Sheldon Adelson utilise une fondation dite de bienfaisance : Adelson Foundation pour diverses opérations. En juillet 2014, le magazine Forbes évaluait sa fortune à 36,4 milliards de dollars. C’est aussi un des financiers du Parti républicain aux Etats-Unis. (Rédaction A l’Encontre)
[2] Les forces spéciales israéliennes, dites forces « antiterroristes », au prétexte qu’elles avaient été visées par des tirs de celui qui était soupçonné d’avoir blessé par balles le rabbin Yeuda Glick (voir note 3), Muatnaz Hijazi, âgé de 32 ans, l’ont abattu. Cela est le récit donné par le porte-parole de ces forces : Micky Rosenfeld. Le récit de la femme de Muatnaz Hijazi, qui avait connu les prisons israéliennes, diffère de manière notoire ; elle décrit, de fait, un vrai massacre, qui ne sera pas soumis à enquête, évidemment. (Rédaction A l’Encontre)

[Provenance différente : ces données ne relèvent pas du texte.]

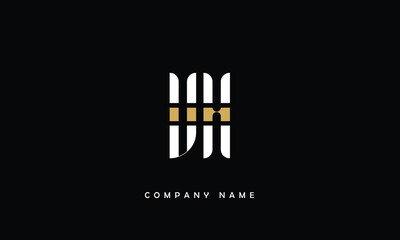VH, HV, V, H Abstract Letters Logo Monogram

[3] Mardi soir, le 28 octobre, le rabbin Yehuda Glick, ultra-droite sioniste immigré en Israël depuis les Etats-Unis, a été touché par plusieurs balles. Il venait de participer à un rassemblement pour l’accès des pèlerins juifs à l’Esplanade des Mosquées. Cette provocation s’inscrit dans sa campagne pour la Reconstruction du Troisième Temple de Jérusalem, sur ledit Mont du Temple, sis sur l’Esplanade des Mosquées où se trouvent le dôme du Rocher et la mosquée Al Aqsa (appelée parfois, ce qui est contesté au plan historiographique, mosquée d’Omar). Ce projet est aussi soutenu, pour des raisons particulières, par des évangélistes et des chrétiens sionistes. (Réd. A l’Encontre)
[4] Mercredi 22 octobre, une voiture a foncé sur des personnes attendant à un arrêt de tramway. Le gouvernement israélien parle d’une attaque terroriste. Il a accusé le conducteur, un Palestinien de Jérusalem-Est, d’être membre du Hamas ! L’homme a succombé à ses blessures, selon une porte-parole de l’hôpital Shaarei Tsedek de Jérusalem. (Rédaction A l’Encontre).